I think that a way round that would be to bring far more homes into local council care, and increase taxes (ring fenced) to pay for them. That could also apply to care for the disabled and so on. Carers should have a national rate of pay, with a proper grade spine, and the homes/care companies should not be run for profit. If people really want to have private ones as well as that, fine, but there should be a legal responsibility put onto councils to provide enough places for those who need them, so going private is genuinely optional.
I realise that that is a simplistic solution, but as long there is a two tier system of care, with some paying and some getting it free, people will be forced to go into homes that are paying staff peanuts and making huge profits for the owners, as councils can only afford to house those who would otherwise be without care, and everyone else has to cover the fees of those people in with their own.

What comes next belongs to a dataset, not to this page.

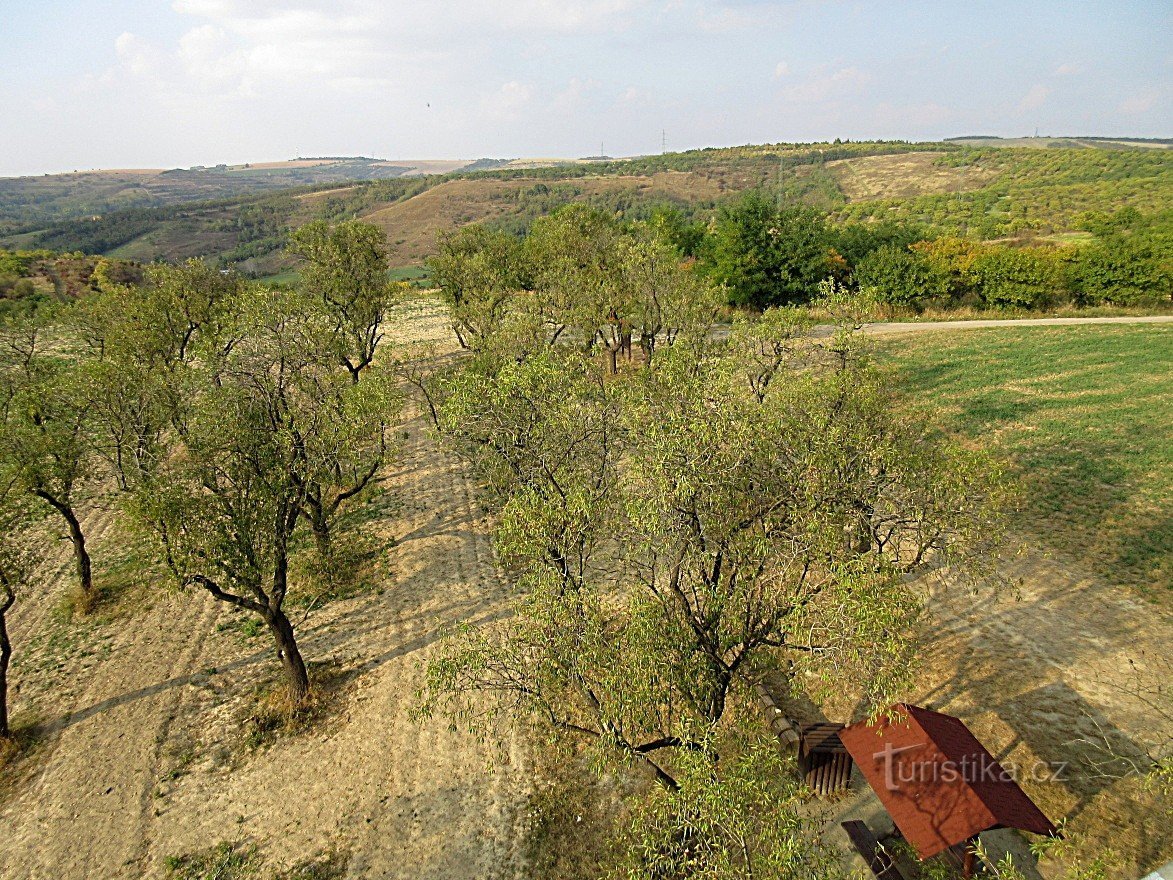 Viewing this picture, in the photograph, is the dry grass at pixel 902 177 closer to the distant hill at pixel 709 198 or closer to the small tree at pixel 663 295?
the distant hill at pixel 709 198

The system needs an overhaul, and as more people never need care than do need it, if we all paid an extra tax to cover the risk it should be possible to ensure that everyone can get care who needs it, without exploiting the carers at an affordable insurance rate. I think the tax should be separate from income tax, and paid by everyone, with only those unable to work exempt. Again, that would spread the load and ensure that it is not those in work subsidising those choosing not to (and I repeat - those unable to work, including carers of the sick and disabled, students, jobseekers etc, should have the tax paid as part of their benefits).